Assignment =
The answer is the line with "Honda HR-V Vehicle" and every line after it to the end of the listing, retyped exactly. Pictures do not belong in it.
__________________________________________________
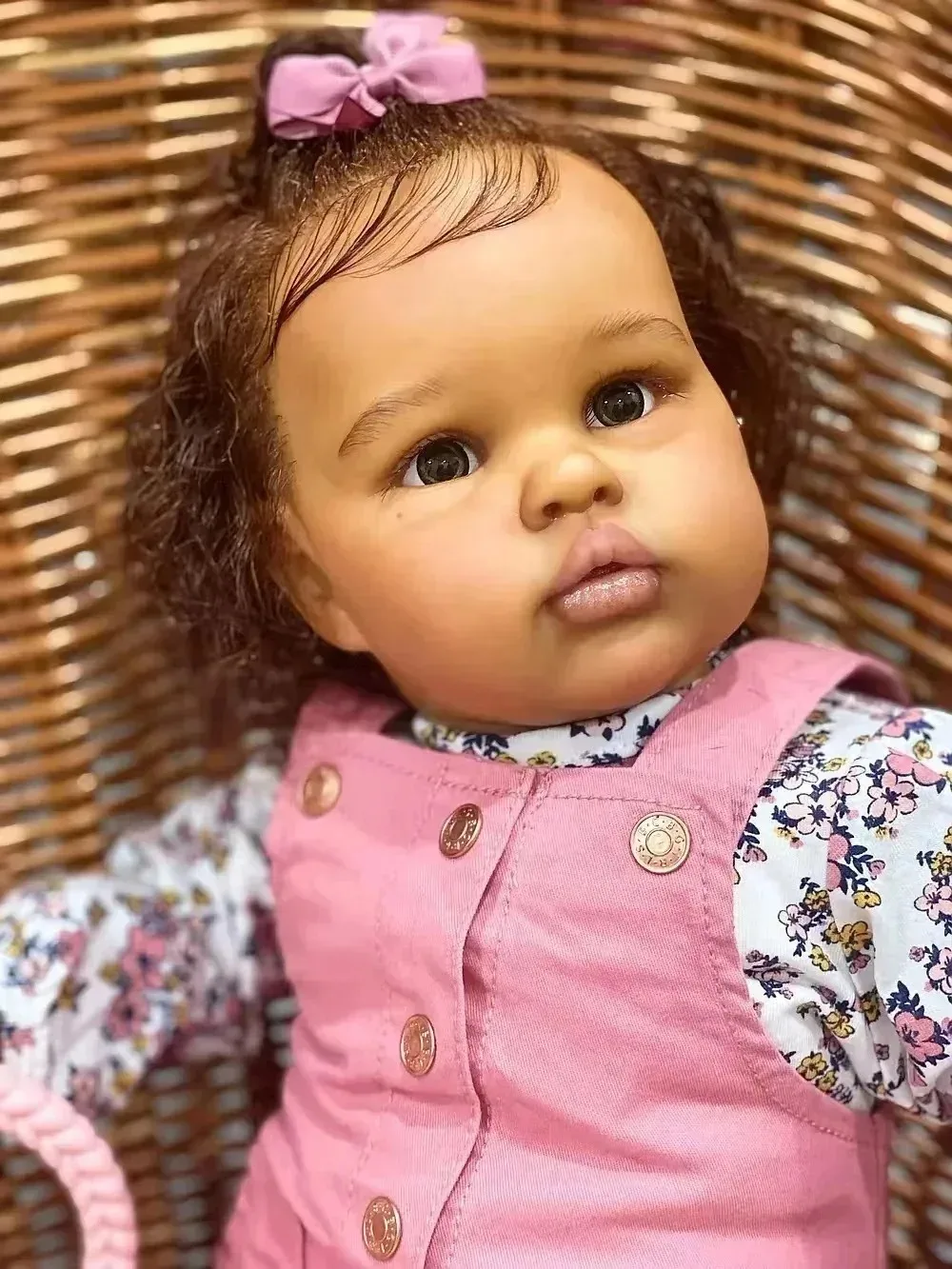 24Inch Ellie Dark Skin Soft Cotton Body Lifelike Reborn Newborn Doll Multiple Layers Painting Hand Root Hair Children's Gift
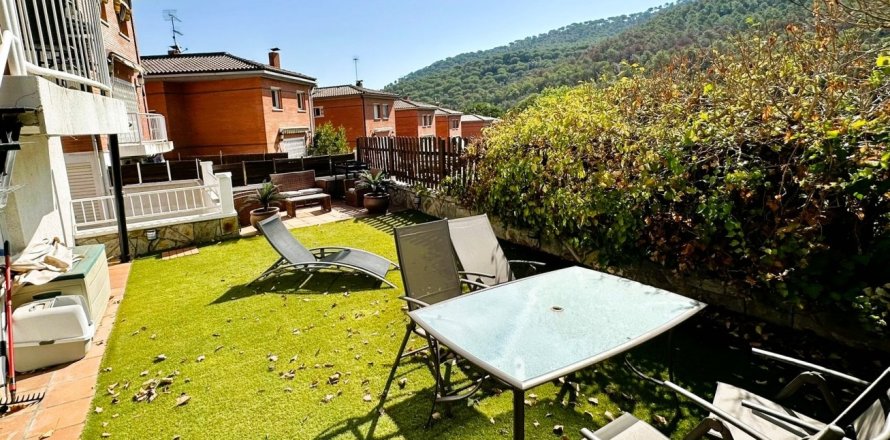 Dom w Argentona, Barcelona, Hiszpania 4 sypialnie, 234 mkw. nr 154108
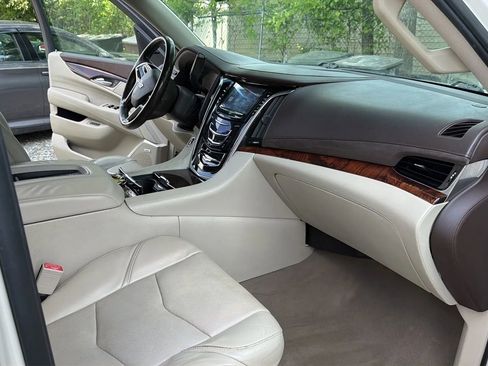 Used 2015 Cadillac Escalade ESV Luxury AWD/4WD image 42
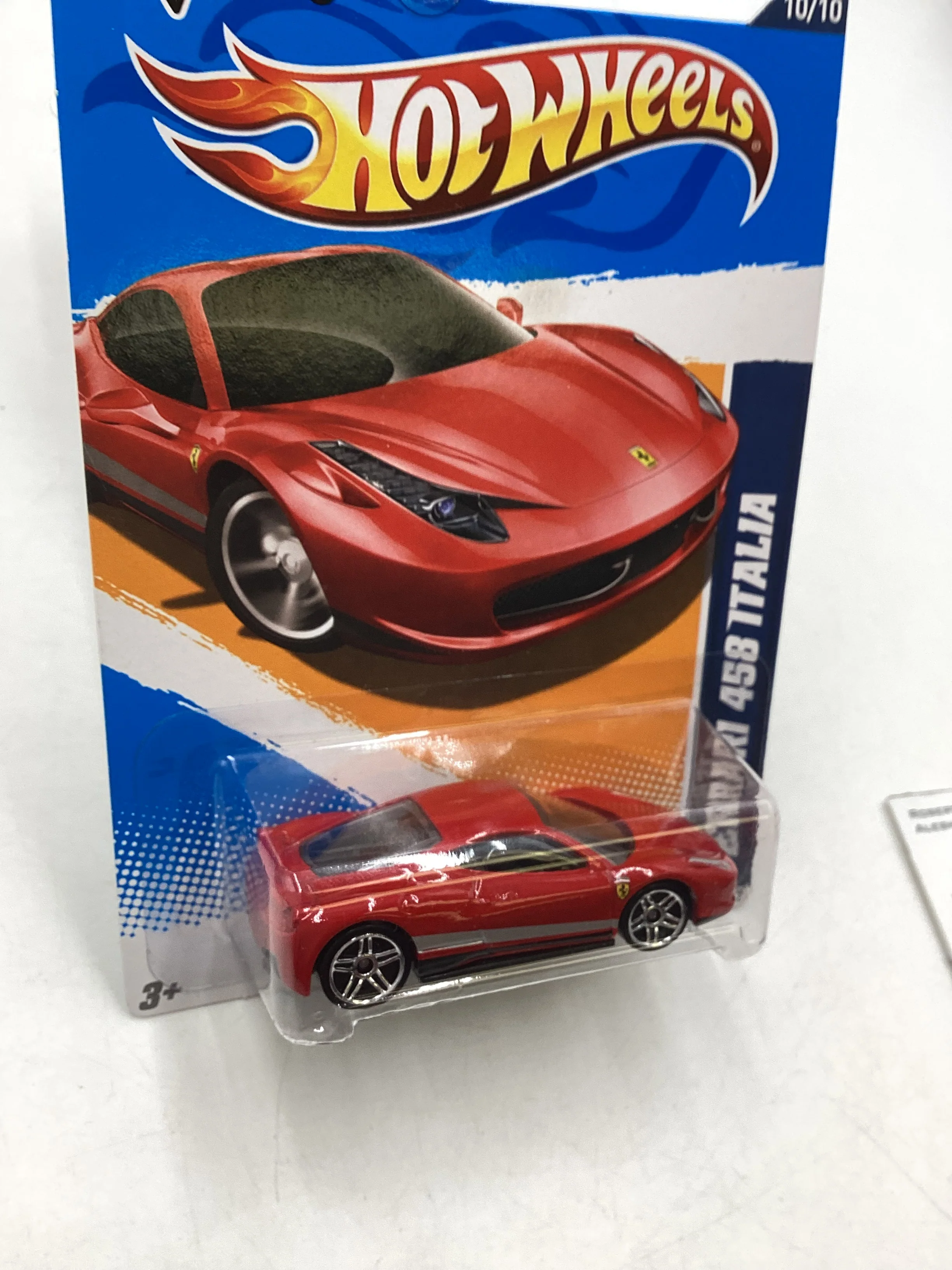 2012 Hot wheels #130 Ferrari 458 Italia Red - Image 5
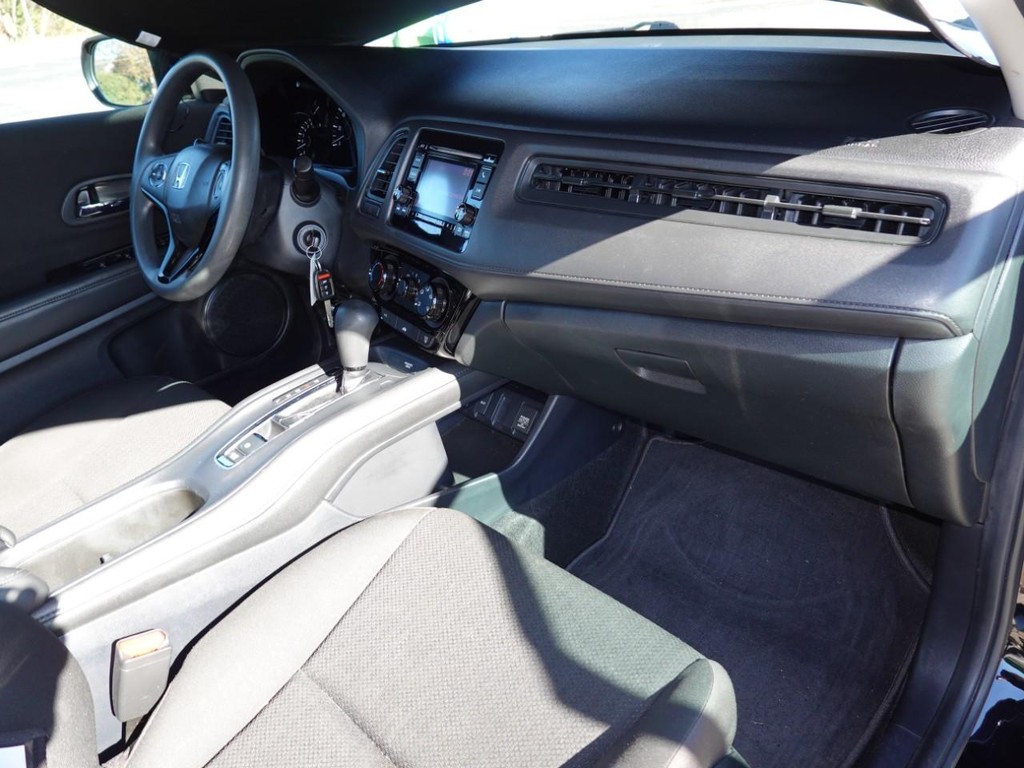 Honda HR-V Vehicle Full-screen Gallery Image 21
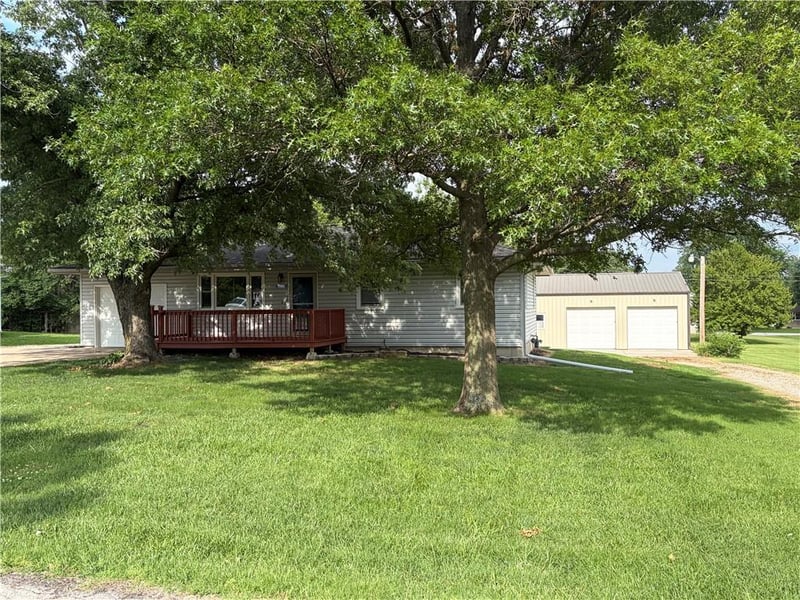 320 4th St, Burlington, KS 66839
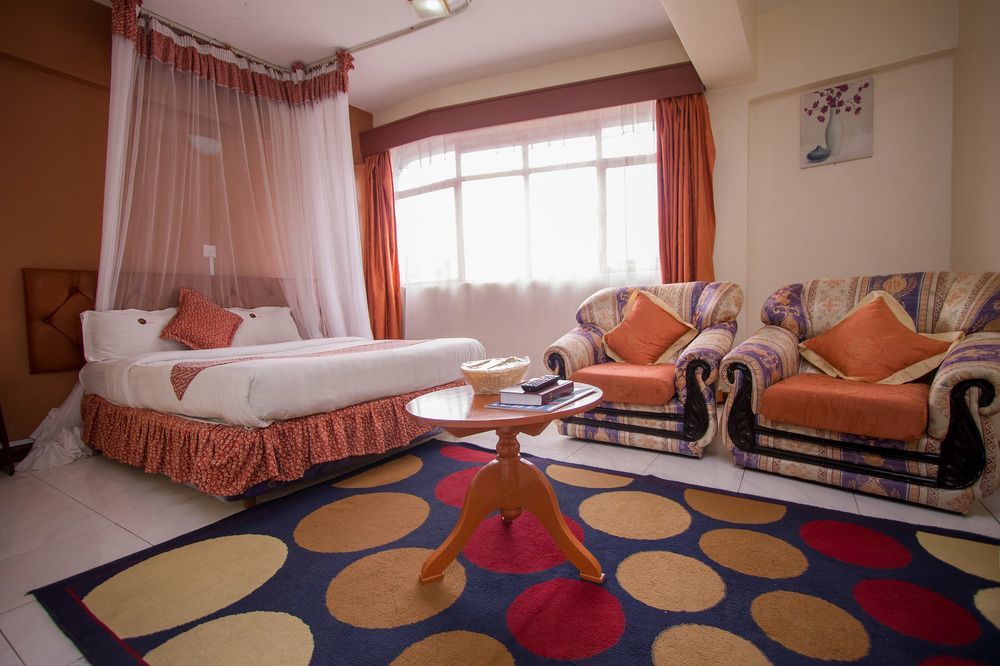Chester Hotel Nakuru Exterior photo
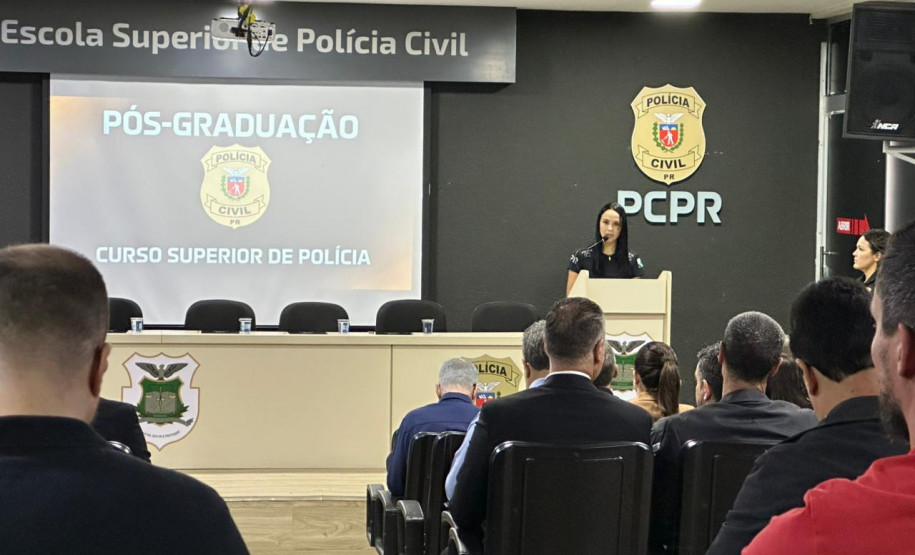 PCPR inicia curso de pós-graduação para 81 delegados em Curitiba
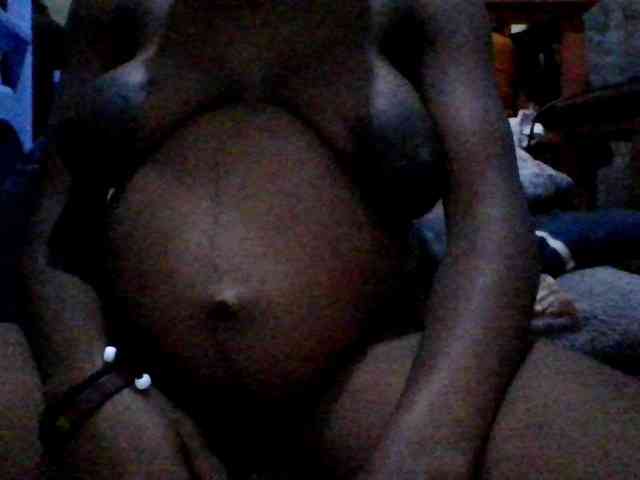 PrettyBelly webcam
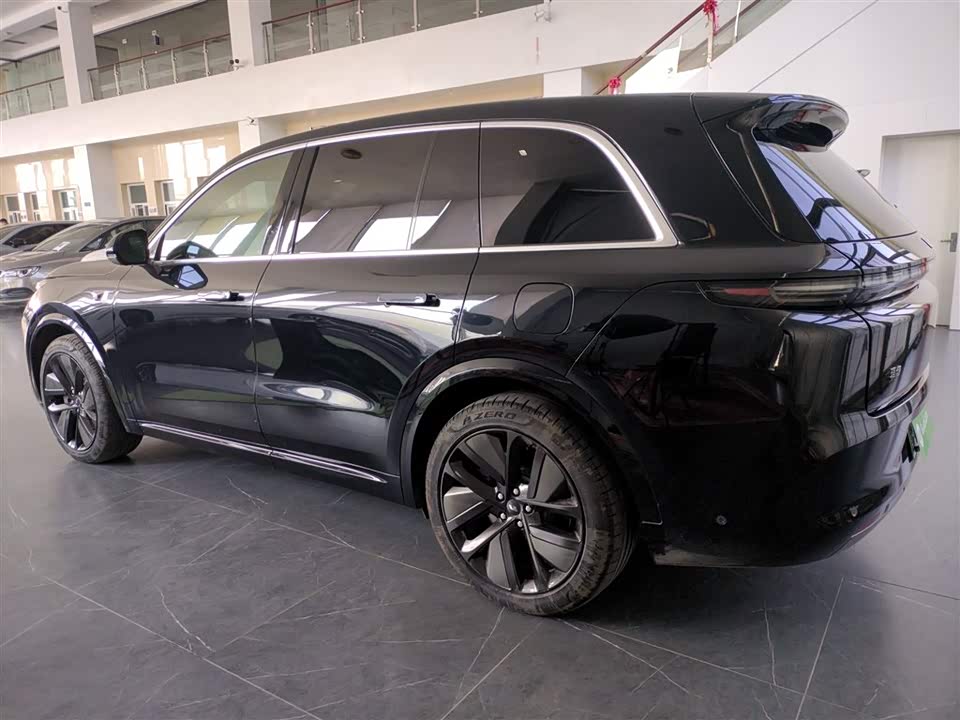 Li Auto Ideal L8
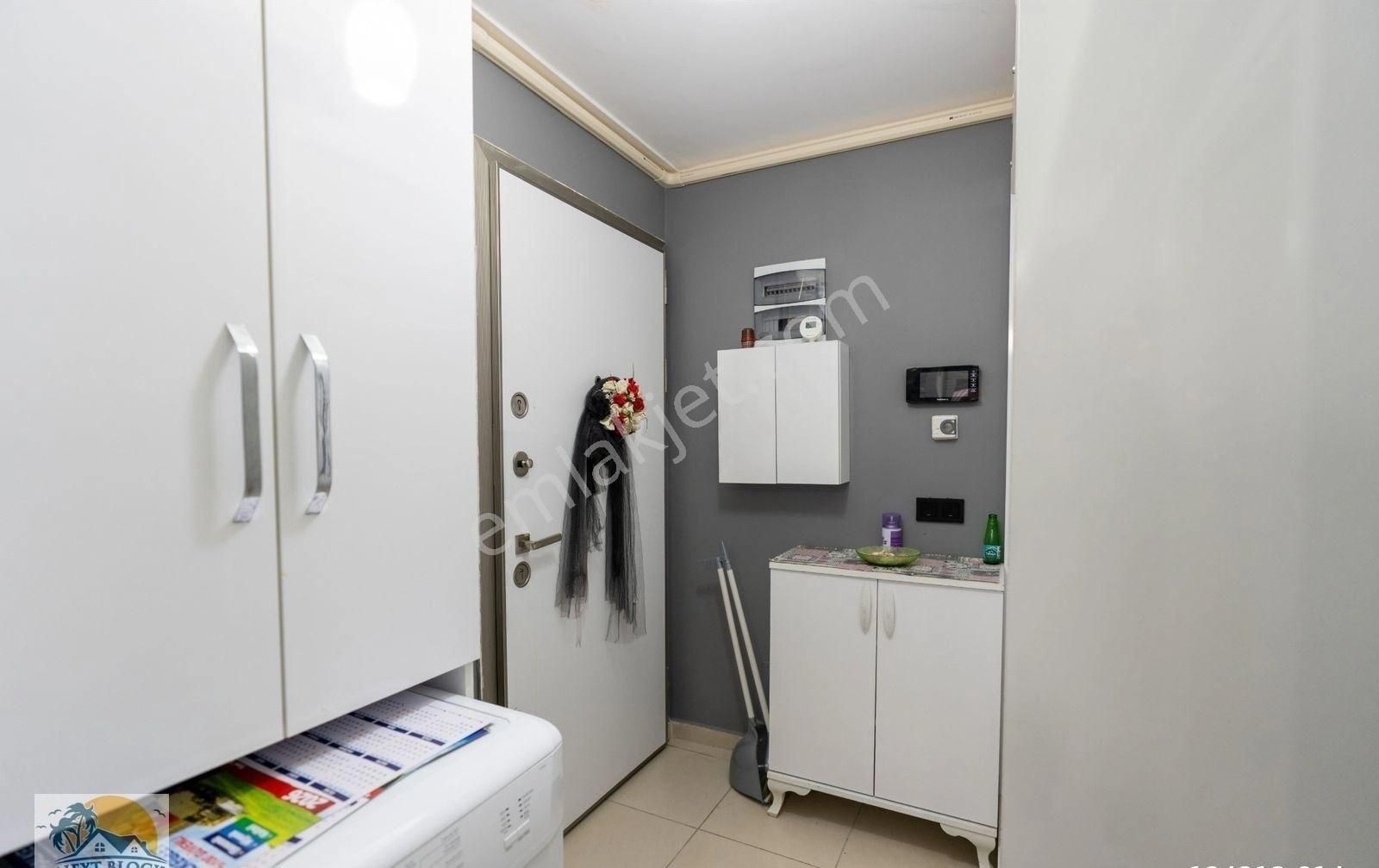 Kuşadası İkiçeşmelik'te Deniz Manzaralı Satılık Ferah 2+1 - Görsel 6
__________________________________________________
Exercise solution =
 Honda HR-V Vehicle Full-screen Gallery Image 21
 320 4th St, Burlington, KS 66839
Chester Hotel Nakuru Exterior photo
 PCPR inicia curso de pós-graduação para 81 delegados em Curitiba
 PrettyBelly webcam
 Li Auto Ideal L8
 Kuşadası İkiçeşmelik'te Deniz Manzaralı Satılık Ferah 2+1 - Görsel 6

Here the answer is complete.